ARM Holdings, which licenses processor designs and architectures, virtually dominates the tablet market as well as the smartphone business. Apple's latest A5 tablet chip used in the iPad 2 includes an ARM processor, while Hewlett-Packard's upcoming TouchPad tablet runs on Qualcomm's Snapdragon processor, which also is based on the ARM architecture. Research In Motion and Motorola also are using ARM processors in tablets.
The tablet market is new for Intel, and the company released its first true Atom tablet chip, code-named Oak Trail, at the Intel Developer Forum in Beijing this week. The company also laid out the road map for future Atom chips, which includes an Oak Trail successor called Cloverview. Cloverview will be made using a 32-nanometer manufacturing process. Further information about the chip will be discussed later this year.
About 35 Oak Trail devices are scheduled to go on sale next month. Companies including Fujitsu, Samsung and Lenovo are expected to ship tablets that will run operating systems including Microsoft Windows 7, Google's Android and Intel's Meego.
Intel will also reveal new tablet and netbook chips in 2013 that will be made with its advanced 22nm process, at which time it will be on par with ARM for power and performance, said Bill Kircos, general manager of marketing at Intel's netbook and tablet group, in an interview with the IDG News Service last week.

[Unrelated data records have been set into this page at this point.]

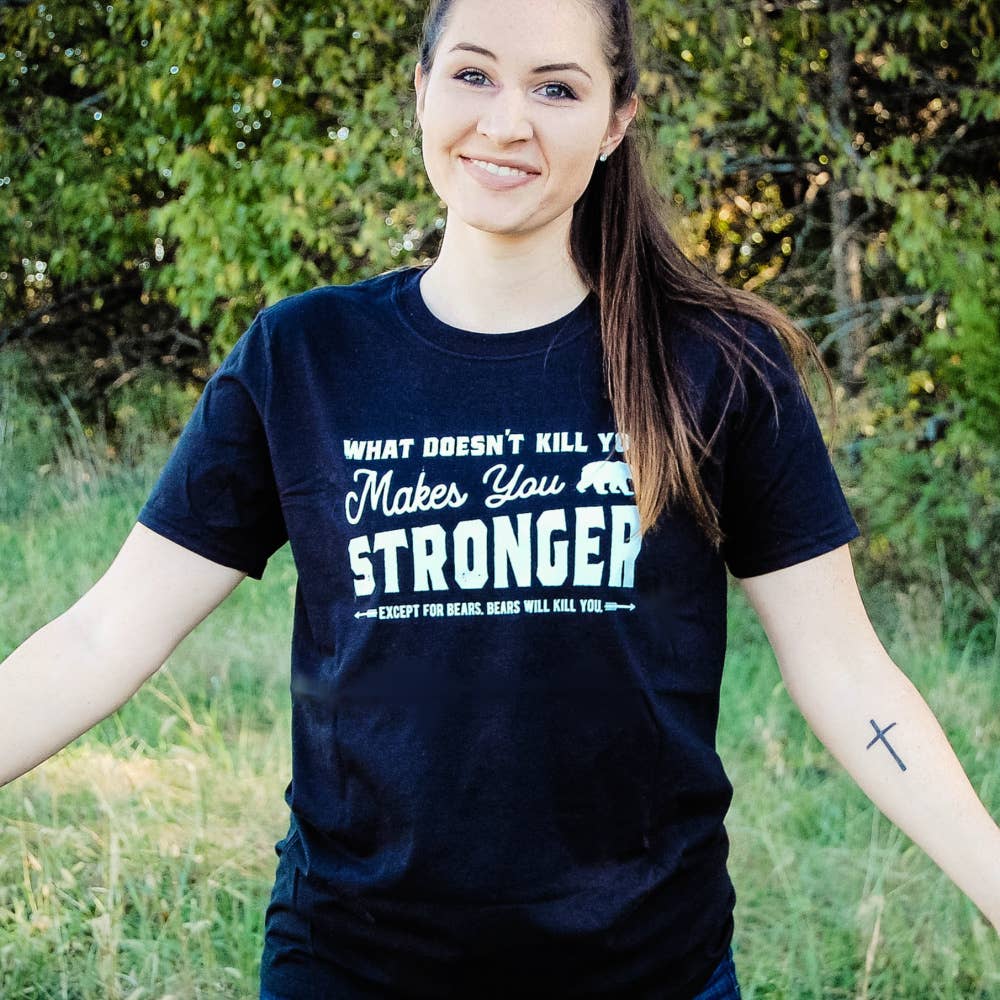 Suzy Swede – wholesale T-shirts med screentryck – Unisex – What Doesn't Kill You Unisex T-shirt | Grit Perseverance Funn2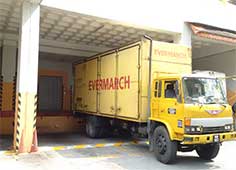 Trucking Services - evermarch truck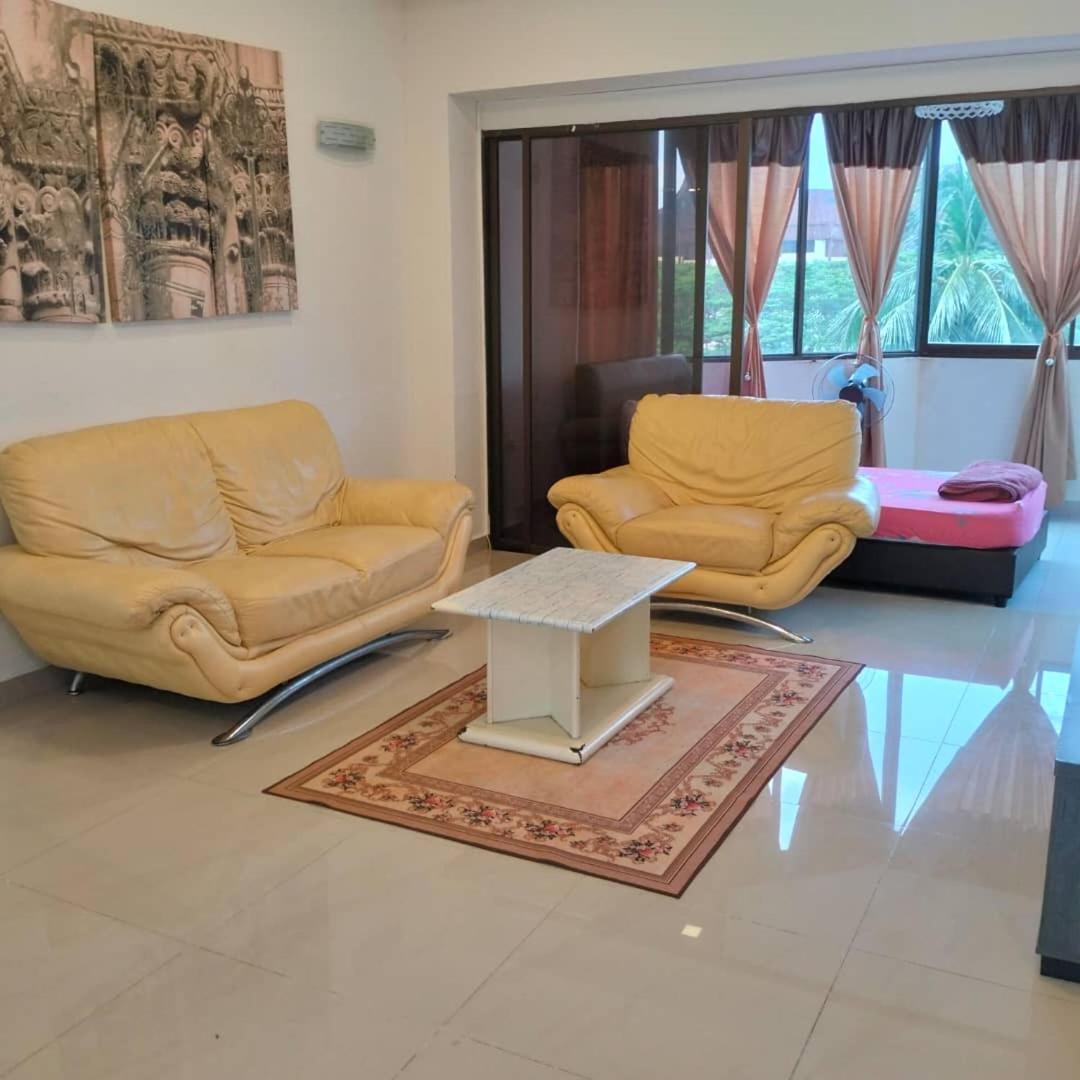 Sri Sayang Pearl View Batu Ferringhi Exterior foto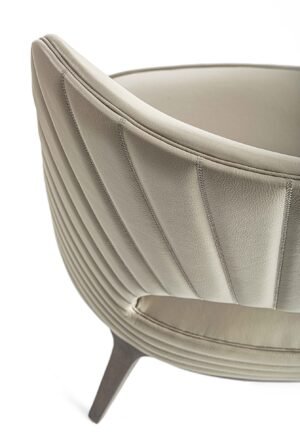 Reina fauteuil design haut de gamme par Vittoria Frigerio, avec base en bois massif et dossier brodé à ouverture demi-lune. Élégance italienne et confort intemporel. Disponible chez D-Style Interior.
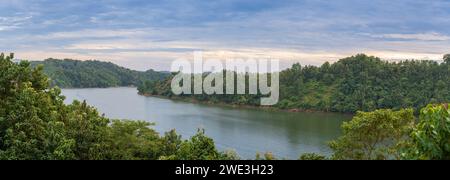 Panorama de paysage de fin d'après-midi sur le lac pittoresque Kaptai, Rangamati, Chittagong, Bangladesh Banque D'Images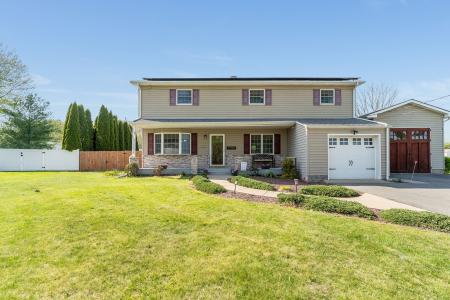 103 Carter Ter, Hackettstown, NJ 07840, USA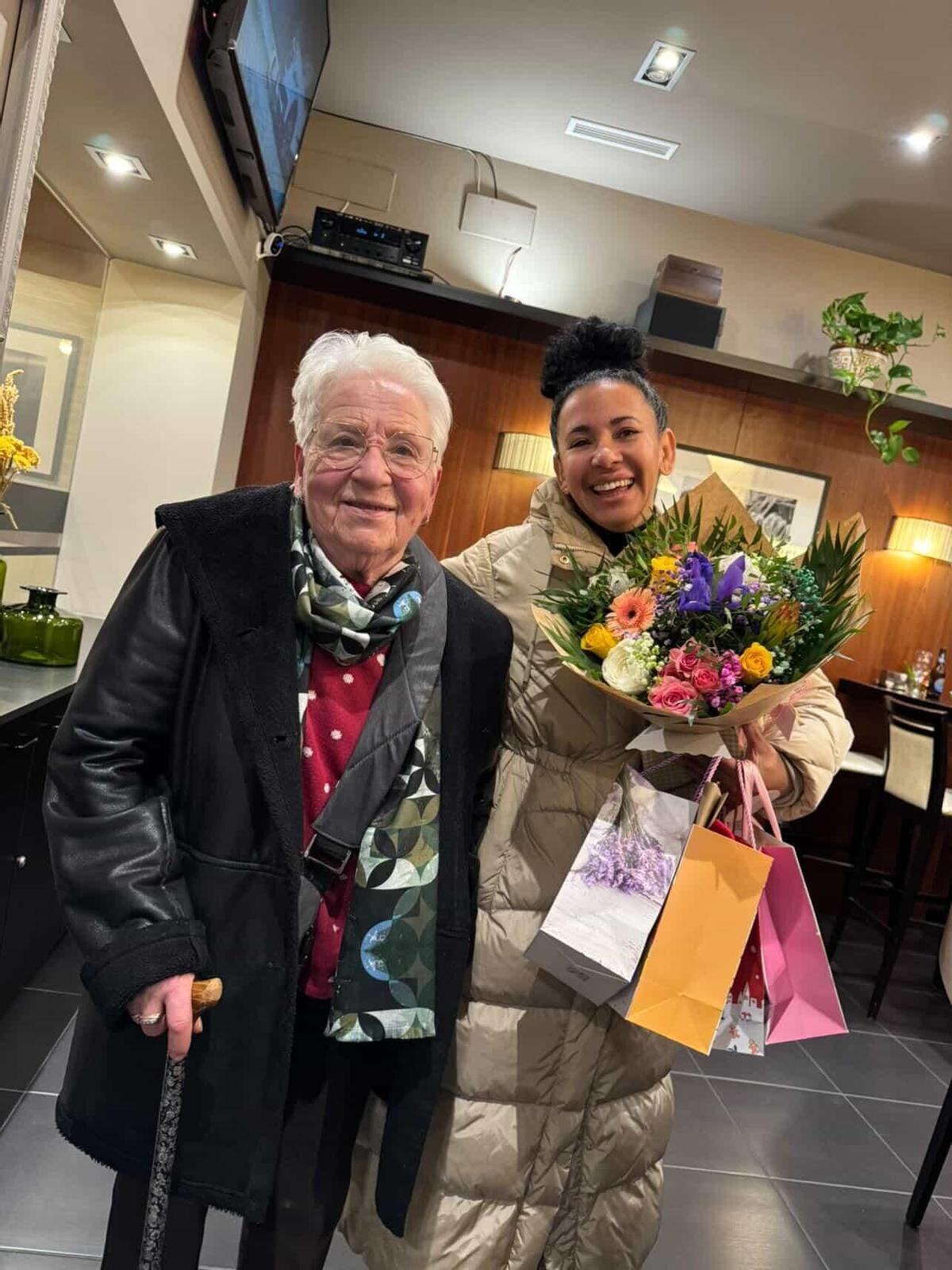 Cristina Sampaio con su vecina Celia, en la fiesta de cumpleaños organizada en su honor.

Intel's chips are more power-hungry than ARM processors, which are used in tablets such as Apple's iPad and Samsung's Galaxy Tab. Kircos said Intel will close the power and performance gap through smarter chip design and rapid advances in manufacturing. Intel advances its chip manufacturing process every two years and invests billions to improve chip performance and reduce leakage.

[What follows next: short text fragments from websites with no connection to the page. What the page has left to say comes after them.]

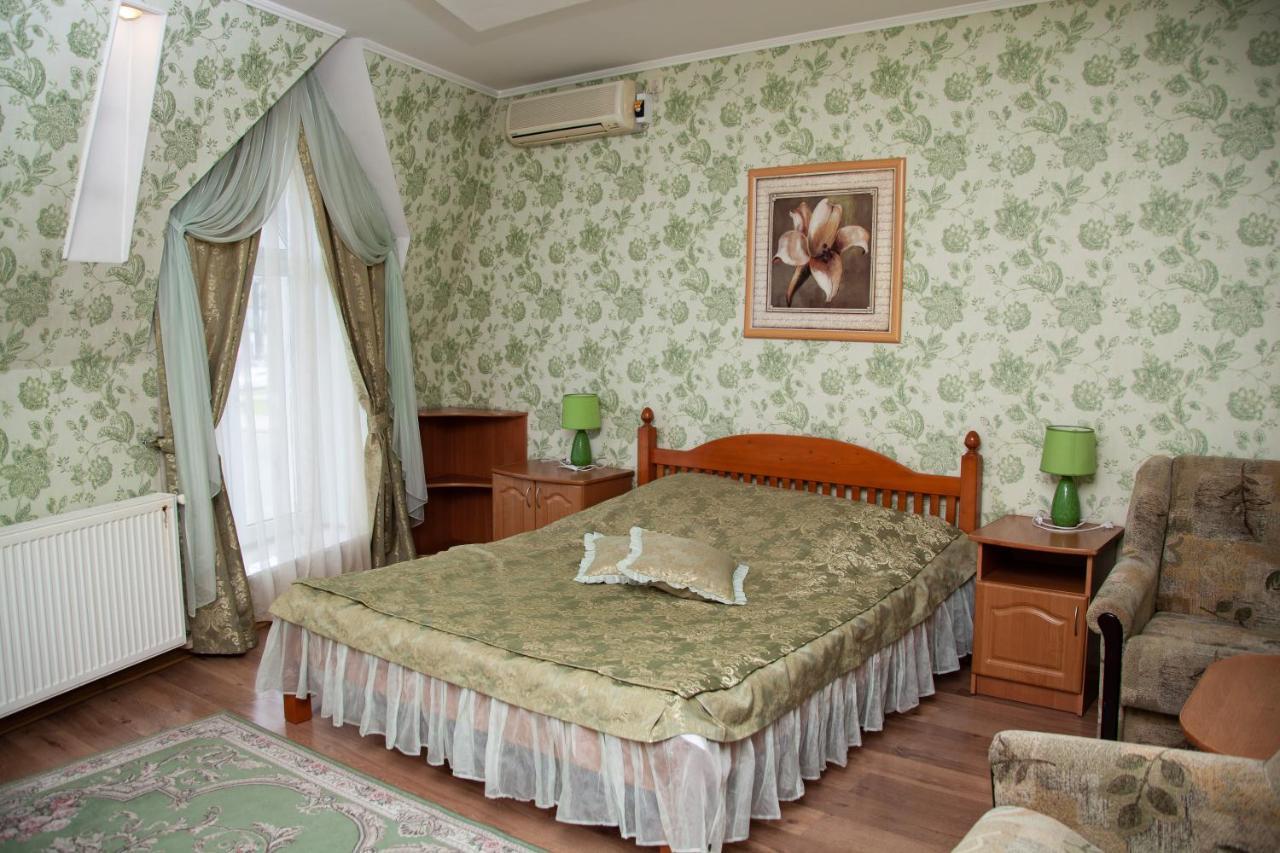 Hotel Piligrim 1 à Mykolaïv Extérieur photo
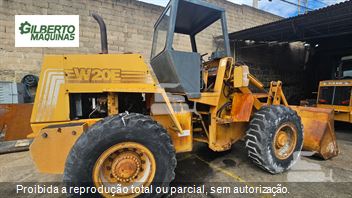 Pá Carregadeira Case W20E
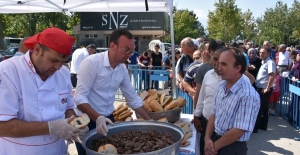 Bursa İnegöl Köfte Festivali'nde 1,5 ton köfte ikram edildi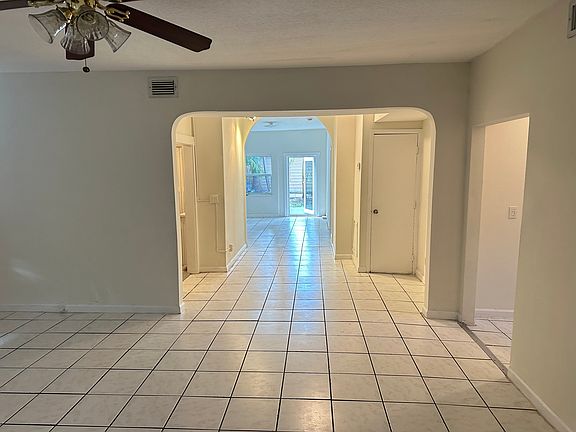 3rd image of 611 El Vedado #1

Intel's upcoming low-end smartphone chip, code-named Medfield, is also being extended to tablets, said Claudine Mangano, an Intel spokeswoman. Intel wants to offer a range of chips so it can provide tablet makers with more choice when building devices. Smartphones with the Medfield chip will be released later this year.
Intel needs to move quickly in tablets, which are eating into the sales of netbooks and low-end laptops, a staple of Intel's business, said Nathan Brookwood, principal analyst at Insight 64.